* _TO DO_: Nothing but the lines from the first line of the records through the line with "Baseball Cap Wig" should be output, exactly as written and free of pictures.

Image-text web data
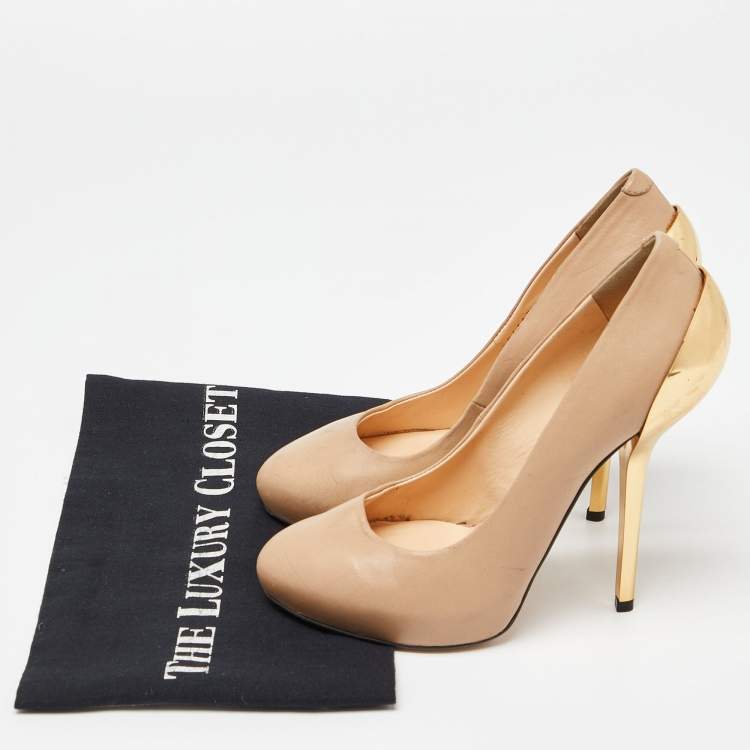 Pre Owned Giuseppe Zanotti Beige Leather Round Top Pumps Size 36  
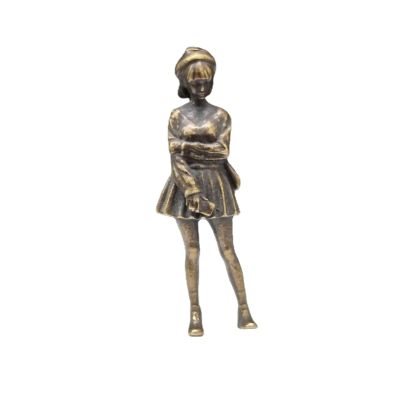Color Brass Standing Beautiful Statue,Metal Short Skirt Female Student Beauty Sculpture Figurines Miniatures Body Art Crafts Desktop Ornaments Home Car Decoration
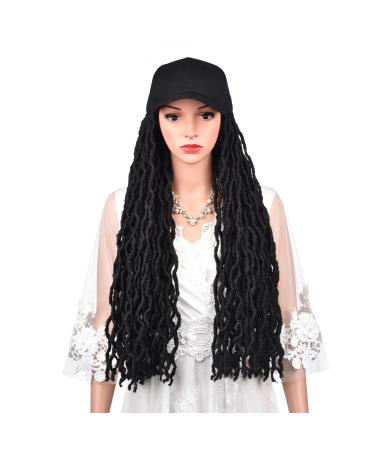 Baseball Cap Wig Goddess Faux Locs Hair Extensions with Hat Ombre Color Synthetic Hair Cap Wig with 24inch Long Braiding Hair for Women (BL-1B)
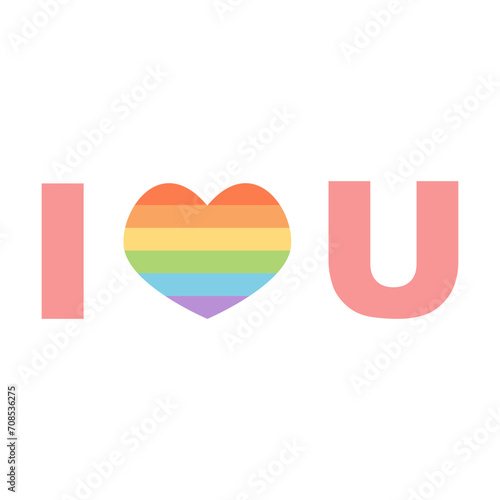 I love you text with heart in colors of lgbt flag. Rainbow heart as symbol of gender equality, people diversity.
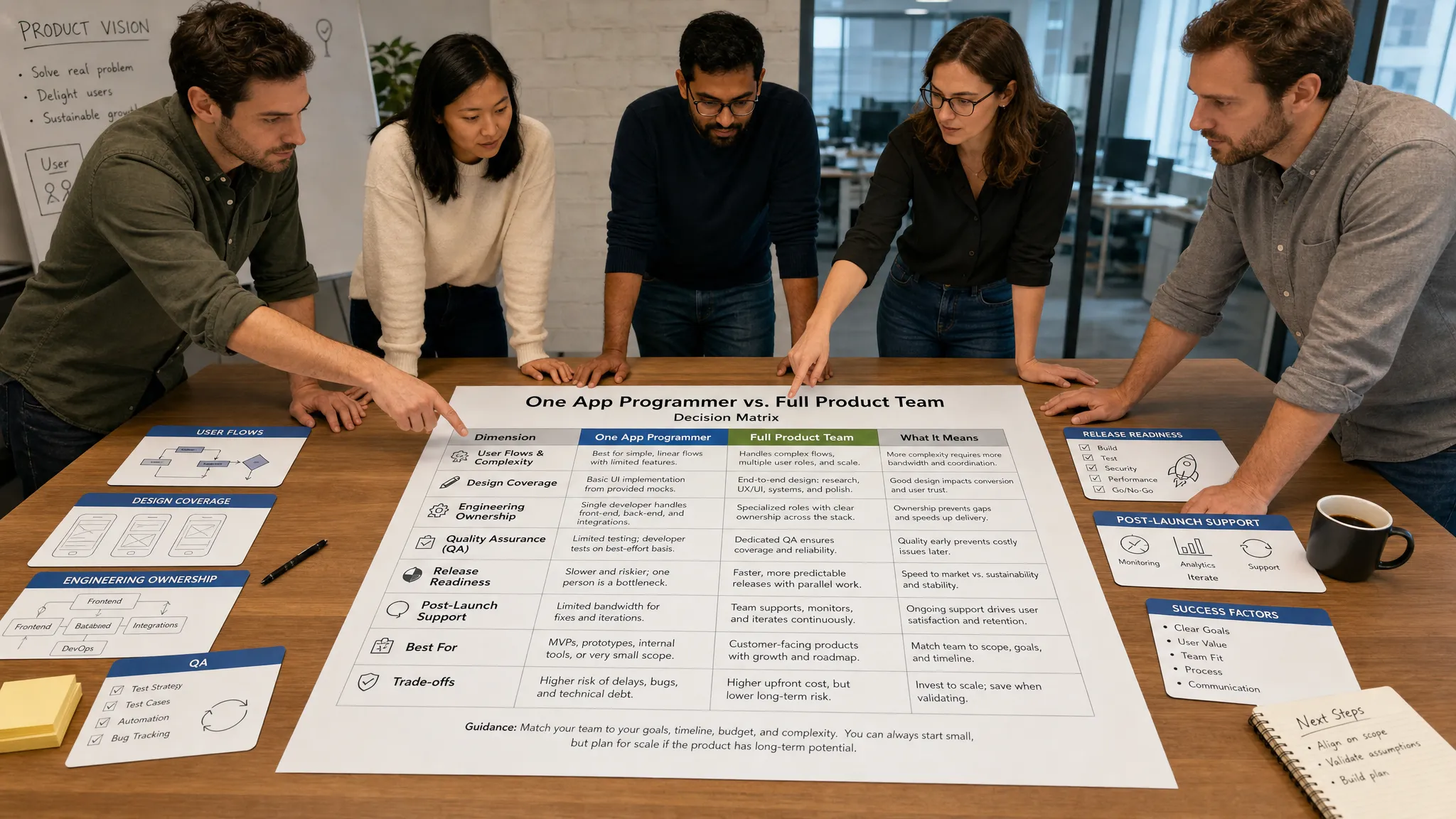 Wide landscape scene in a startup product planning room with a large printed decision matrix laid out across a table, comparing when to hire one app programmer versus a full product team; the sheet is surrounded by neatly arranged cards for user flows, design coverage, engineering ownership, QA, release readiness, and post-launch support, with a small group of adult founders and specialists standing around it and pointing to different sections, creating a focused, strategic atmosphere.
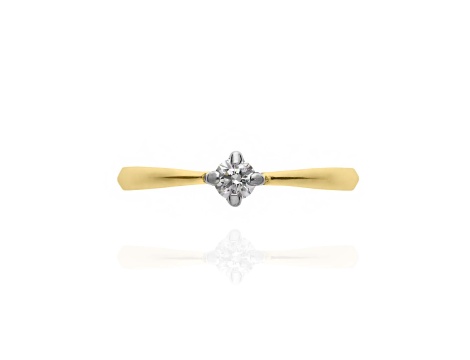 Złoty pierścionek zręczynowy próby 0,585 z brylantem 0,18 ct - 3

* _COMPLETED TASK_:
 Pre Owned Giuseppe Zanotti Beige Leather Round Top Pumps Size 36  
Color Brass Standing Beautiful Statue,Metal Short Skirt Female Student Beauty Sculpture Figurines Miniatures Body Art Crafts Desktop Ornaments Home Car Decoration
 Baseball Cap Wig Goddess Faux Locs Hair Extensions with Hat Ombre Color Synthetic Hair Cap Wig with 24inch Long Braiding Hair for Women (BL-1B)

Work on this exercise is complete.